Do not start Phase 2 yet.
Update tasks.md when complete.
That is often better than:
Here is my entire idea again from scratch. Please build the first part of it.
Tiny bit less heroic. Much more economical.
Separate Stable Context from Active Work
Another useful pattern is to separate stable context from active task context.
| Context type | Example | Change frequency |
|---|---|---|
| Stable context | Architecture overview, coding standards, system boundaries, business goal | Low |
| Active task context | Current implementation step, failing test, target file, immediate change | High |
| Decision history | Architecture decisions, trade-offs, rejected options | Medium |
| Generated output | Code, summaries, diffs, test results | High |
This helps because not all context has the same lifespan.

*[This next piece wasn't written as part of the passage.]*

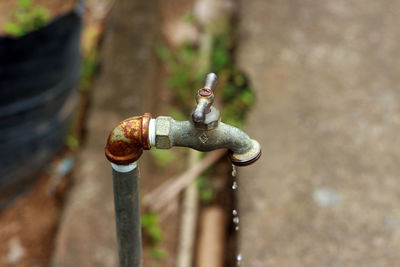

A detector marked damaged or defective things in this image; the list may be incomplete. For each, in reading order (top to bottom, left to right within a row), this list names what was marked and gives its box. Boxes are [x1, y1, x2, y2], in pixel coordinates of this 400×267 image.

rusty elbow joint [104, 113, 152, 165]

Your system architecture probably should not change every five minutes. Your current failing test might.
A cleaner structure might look like this:
Stable:
- spec.md
- architecture.md
- coding-standards.md
Active:
- tasks.md
- current-issue.md
- failing-test.md
Historical:
- decisions.md
- changelog.md
Then you can prompt the model in a way that makes the boundaries clear:
Use spec.md, architecture.md, and coding-standards.md as stable context.
Use tasks.md to determine the next task.
Focus only on the next incomplete task.
After making changes, update tasks.md and decisions.md if needed.
That prompt is boring.
Boring is good.
Boring is cheap.
Boring is how we avoid flinging premium-model tokens into the Sarlacc pit.
Do Not Use Chat History as Your Only Project Memory
This is not to say chat history is useless.
It is useful. It is convenient. It is often where the thinking happens.
But long chat history is a poor substitute for project memory.
If every new interaction depends on the model remembering a huge winding conversation, you may be relying on accumulated context that includes old assumptions, abandoned decisions, stale requirements, and irrelevant side quests.
A more durable approach is:
Important context goes into files.
Temporary thinking stays in chat.
Decisions get recorded.
Tasks get updated.
The agent works from the repo, not from vibes.
This is especially useful for longer-running agentic work.
If the model is going to inspect files, make edits, run tests, and revise its plan, then the source of truth should ideally live inside the project workspace where it can be read consistently.
Not buried 37 messages back in a chat thread next to a half-finished rant about YAML.
Although, to be fair, the YAML rant was probably justified.
Reset Contexts Deliberately
One of the easiest ways to accidentally increase token usage is to let a chat or agent session grow forever.
Every time you continue working in the same conversation, the model may need to carry forward more prior context: previous prompts, previous answers, old assumptions, partial plans, abandoned ideas, generated code, explanations, and side discussions.
Some of that context is useful. Some of it is just space debris.
Long-running context can become expensive, noisy, and occasionally misleading. The model may keep paying attention to something that was true three hours ago but is no longer relevant.
A deliberate reset can help.
That does not mean “start from zero every time.” It means moving the important context into stable project files, then starting a fresh session from those files.
A reset prompt might look like this:
We are starting a fresh implementation session.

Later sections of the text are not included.